Gabon
This article was added by the user . TheWorldNews is not responsible for the content of the platform.

Processus électoral : De légitimes inquiétudes pour la suite

Les détenteurs de l’autorité publique ne peuvent faire comme si l’État est la propriété d’un camp. De ce point de vue, les dernières retouches de la loi électorale ne sont ni à l’honneur ni à l’avantage de personne.

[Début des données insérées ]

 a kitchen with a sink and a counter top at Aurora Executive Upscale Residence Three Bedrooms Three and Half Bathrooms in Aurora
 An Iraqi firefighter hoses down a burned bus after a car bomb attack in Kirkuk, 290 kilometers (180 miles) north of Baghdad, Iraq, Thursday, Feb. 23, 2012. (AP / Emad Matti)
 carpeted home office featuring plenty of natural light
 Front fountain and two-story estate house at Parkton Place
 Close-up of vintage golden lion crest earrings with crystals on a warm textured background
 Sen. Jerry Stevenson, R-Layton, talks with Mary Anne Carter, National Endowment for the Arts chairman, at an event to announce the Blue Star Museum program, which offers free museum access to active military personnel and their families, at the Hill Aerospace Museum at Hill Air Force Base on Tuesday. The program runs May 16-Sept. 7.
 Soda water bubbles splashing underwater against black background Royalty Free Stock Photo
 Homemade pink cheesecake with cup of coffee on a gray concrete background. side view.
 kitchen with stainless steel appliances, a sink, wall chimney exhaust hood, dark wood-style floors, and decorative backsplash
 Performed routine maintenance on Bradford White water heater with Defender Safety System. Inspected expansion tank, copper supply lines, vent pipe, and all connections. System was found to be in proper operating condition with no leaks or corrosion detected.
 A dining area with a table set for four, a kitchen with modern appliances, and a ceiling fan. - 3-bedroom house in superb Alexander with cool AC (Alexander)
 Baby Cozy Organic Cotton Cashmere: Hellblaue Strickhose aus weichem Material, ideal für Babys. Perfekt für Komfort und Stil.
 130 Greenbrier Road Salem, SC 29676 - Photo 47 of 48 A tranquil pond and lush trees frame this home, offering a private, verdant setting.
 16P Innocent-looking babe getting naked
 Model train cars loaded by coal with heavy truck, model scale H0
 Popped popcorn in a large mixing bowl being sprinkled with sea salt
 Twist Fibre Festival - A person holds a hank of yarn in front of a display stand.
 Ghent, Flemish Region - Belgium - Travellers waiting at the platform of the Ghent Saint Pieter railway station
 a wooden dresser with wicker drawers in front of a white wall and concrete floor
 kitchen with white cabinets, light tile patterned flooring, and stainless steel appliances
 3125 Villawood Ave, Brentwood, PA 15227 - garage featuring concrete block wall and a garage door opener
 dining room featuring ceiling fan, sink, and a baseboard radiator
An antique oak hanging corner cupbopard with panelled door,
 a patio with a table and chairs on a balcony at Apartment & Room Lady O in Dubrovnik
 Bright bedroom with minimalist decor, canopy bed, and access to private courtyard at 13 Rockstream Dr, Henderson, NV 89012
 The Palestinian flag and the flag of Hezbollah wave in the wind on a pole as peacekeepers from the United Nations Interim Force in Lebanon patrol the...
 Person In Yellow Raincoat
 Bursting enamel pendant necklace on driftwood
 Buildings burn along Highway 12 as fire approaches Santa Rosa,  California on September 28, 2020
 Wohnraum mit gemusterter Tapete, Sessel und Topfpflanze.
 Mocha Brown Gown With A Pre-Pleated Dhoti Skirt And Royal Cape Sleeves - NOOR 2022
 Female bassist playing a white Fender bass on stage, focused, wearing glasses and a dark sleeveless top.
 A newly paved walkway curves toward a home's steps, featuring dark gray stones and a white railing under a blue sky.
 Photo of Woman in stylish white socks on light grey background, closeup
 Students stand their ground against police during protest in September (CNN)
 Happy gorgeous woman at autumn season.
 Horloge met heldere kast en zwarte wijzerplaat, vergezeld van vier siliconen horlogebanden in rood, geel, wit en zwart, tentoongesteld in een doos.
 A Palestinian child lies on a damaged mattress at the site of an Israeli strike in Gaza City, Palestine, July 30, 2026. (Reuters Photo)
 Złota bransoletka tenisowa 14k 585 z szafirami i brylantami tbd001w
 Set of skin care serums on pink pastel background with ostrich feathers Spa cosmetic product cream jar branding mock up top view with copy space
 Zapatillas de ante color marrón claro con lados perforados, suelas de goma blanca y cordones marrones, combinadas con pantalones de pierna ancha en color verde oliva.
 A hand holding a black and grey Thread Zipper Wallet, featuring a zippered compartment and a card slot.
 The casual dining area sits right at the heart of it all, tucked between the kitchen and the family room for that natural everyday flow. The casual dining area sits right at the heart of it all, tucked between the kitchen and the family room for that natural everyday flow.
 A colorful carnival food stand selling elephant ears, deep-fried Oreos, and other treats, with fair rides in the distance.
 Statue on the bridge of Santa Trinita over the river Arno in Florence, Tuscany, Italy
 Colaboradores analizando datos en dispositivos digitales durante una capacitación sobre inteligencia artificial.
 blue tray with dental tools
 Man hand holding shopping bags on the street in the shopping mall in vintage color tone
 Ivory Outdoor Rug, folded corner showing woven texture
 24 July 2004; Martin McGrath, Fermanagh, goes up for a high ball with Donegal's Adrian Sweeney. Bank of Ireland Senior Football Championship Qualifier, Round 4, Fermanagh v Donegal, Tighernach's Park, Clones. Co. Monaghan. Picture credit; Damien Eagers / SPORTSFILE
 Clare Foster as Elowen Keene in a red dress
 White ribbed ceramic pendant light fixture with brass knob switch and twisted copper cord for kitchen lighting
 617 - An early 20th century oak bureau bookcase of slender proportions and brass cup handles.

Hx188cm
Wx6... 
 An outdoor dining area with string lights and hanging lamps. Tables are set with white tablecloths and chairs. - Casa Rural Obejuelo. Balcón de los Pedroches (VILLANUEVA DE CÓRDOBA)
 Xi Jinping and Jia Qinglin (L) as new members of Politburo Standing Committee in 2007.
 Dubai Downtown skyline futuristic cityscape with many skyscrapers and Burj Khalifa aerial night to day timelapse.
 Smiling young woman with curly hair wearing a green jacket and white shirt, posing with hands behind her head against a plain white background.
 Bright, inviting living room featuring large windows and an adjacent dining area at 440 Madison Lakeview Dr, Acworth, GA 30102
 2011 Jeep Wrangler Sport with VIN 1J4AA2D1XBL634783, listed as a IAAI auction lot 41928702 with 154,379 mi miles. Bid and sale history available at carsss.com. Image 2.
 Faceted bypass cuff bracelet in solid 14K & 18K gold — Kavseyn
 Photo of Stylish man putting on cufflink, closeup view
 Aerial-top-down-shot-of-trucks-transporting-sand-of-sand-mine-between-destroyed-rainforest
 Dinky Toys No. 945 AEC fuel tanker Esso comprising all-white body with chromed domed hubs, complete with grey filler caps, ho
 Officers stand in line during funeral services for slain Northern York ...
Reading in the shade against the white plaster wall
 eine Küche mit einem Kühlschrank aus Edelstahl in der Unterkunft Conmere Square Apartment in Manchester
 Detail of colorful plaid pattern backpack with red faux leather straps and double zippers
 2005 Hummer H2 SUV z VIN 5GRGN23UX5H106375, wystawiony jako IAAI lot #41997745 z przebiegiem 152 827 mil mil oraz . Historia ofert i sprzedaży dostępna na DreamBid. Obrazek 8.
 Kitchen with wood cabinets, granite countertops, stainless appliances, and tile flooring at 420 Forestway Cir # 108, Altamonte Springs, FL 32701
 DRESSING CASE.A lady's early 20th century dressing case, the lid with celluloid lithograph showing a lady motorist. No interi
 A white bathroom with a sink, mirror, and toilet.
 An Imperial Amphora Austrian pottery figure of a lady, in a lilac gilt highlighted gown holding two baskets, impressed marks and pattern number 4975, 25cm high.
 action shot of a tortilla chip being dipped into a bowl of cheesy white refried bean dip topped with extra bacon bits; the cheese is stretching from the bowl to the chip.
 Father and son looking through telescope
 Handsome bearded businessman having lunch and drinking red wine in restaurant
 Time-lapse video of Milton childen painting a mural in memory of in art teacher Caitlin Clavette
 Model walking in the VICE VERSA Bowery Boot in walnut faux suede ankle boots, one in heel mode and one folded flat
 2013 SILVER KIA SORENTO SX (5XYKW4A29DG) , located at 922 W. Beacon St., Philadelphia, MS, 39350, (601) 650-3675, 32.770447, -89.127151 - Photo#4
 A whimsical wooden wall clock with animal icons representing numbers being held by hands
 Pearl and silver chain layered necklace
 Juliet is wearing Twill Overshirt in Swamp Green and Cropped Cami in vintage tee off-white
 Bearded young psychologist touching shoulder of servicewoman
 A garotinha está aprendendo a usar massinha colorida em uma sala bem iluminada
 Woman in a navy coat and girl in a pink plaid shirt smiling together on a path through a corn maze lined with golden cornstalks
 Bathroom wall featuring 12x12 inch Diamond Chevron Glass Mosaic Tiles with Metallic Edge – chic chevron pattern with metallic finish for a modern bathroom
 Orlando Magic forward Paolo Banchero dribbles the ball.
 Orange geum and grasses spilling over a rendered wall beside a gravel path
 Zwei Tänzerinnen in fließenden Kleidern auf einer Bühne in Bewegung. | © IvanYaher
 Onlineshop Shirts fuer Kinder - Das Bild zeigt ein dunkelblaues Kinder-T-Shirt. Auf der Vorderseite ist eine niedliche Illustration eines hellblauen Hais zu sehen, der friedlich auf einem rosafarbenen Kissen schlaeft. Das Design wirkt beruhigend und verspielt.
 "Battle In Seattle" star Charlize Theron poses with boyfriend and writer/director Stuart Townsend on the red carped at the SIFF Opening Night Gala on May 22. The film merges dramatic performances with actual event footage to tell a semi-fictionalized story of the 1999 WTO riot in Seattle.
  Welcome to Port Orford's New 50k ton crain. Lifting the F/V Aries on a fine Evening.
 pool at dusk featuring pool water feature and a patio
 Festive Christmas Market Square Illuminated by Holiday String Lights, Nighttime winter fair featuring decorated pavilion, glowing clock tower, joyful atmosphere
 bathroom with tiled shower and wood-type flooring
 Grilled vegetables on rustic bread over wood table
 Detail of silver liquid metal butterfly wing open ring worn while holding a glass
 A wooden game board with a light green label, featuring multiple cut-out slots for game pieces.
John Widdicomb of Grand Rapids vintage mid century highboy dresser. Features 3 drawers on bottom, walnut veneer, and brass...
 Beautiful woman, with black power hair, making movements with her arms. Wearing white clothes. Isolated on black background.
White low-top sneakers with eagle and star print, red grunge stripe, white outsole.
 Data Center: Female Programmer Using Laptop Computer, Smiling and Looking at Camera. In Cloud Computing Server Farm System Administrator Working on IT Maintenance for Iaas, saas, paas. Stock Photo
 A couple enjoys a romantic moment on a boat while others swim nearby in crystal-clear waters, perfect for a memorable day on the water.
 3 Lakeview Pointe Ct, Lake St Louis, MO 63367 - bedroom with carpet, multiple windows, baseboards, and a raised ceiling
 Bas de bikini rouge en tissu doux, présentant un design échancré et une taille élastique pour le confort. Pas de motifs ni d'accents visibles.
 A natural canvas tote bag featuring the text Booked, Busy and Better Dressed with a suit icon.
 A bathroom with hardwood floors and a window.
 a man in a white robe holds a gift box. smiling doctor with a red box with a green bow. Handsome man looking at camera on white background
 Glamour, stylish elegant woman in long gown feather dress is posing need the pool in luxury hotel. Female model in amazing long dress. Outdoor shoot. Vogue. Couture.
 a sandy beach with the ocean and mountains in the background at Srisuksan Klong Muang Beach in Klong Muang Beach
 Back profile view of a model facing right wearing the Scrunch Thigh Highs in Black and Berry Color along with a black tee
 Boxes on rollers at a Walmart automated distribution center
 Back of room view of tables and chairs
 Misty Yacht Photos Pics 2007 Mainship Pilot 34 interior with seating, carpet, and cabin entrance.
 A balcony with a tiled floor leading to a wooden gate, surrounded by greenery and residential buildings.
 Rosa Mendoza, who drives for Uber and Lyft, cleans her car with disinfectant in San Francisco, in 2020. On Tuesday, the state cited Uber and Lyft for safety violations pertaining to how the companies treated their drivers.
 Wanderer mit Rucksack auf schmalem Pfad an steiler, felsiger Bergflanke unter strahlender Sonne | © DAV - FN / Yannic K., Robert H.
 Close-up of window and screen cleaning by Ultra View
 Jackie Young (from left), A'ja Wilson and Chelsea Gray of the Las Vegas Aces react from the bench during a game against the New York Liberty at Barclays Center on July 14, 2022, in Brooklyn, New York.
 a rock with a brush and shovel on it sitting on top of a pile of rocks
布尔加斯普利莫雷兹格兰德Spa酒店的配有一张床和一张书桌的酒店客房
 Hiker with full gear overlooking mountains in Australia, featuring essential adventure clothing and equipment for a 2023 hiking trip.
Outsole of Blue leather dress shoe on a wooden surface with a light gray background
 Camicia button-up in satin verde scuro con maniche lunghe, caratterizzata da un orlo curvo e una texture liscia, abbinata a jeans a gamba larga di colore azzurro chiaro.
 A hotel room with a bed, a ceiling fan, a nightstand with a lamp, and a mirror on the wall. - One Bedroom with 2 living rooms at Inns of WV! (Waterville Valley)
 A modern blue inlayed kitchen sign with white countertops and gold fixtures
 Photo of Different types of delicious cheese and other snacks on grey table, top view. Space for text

S’ils espèrent consolider le vivre-ensemble, les gouvernants doivent cesser de considérer l’Etat comme la propriété d’un camp. Comme les institutions, les lois sont au service du peuple. Peu importe leurs initiateurs, elles ne peuvent être sous-tendues par des considérations personnelles ou politiciennes. © GabonReview

À l’orée d’une campagne inédite, il faut se garder de considérer les élections comme un affrontement entre deux camps opposés. Il faut éviter de les présenter comme une lutte pour le pouvoir mettant en scène deux blocs aux intérêts contradictoires. En revanche, il faut les décrire comme une occasion offerte à des hommes libres et égaux de désigner librement leurs représentants. N’en déplaise aux matamores de tout poil, ces votes doivent permettre aux Gabonais de décider de leurs destins, individuel ou collectif. Ils doivent aussi leur permettre de dire comment ils entendent mener la bataille pour la satisfaction de leurs besoins physiologiques, de sécurité, d’appartenance, de respect ou d’accomplissement. Spécifiques au genre humain, ces attentes montrent combien il est erroné et dangereux d’envisager la société comme une juxtaposition de militants fanatisés.

Ni sérénité ni confiance

S’ils ne veulent pas nourrir les bas instincts, les acteurs politiques doivent éviter de faire comme si les besoins sont tributaires de l’affiliation politique. S’ils espèrent consolider le vivre-ensemble, les gouvernants doivent cesser de considérer l’État comme la propriété d’un camp. Comme les institutions, les lois sont au service du peuple. Peu importe leurs initiateurs, elles ne peuvent être sous-tendues par des considérations personnelles ou politiciennes, au risque de perdre toute valeur ou de se déliter. Déjà, le rapport 2023 du Fragile states index met en garde contre un risque de déliquescence de l’État gabonais, le situant dans la catégorie «Warning». Parmi les mobiles d’inquiétude figurent, dans l’ordre, le déficit de légitimité de l’État, le fonctionnement des élites en bandes, les dysfonctionnements des services publics, les violations des droits humains et l’absence d’État de droit. Faut-il en tenir compte ou le minimiser ?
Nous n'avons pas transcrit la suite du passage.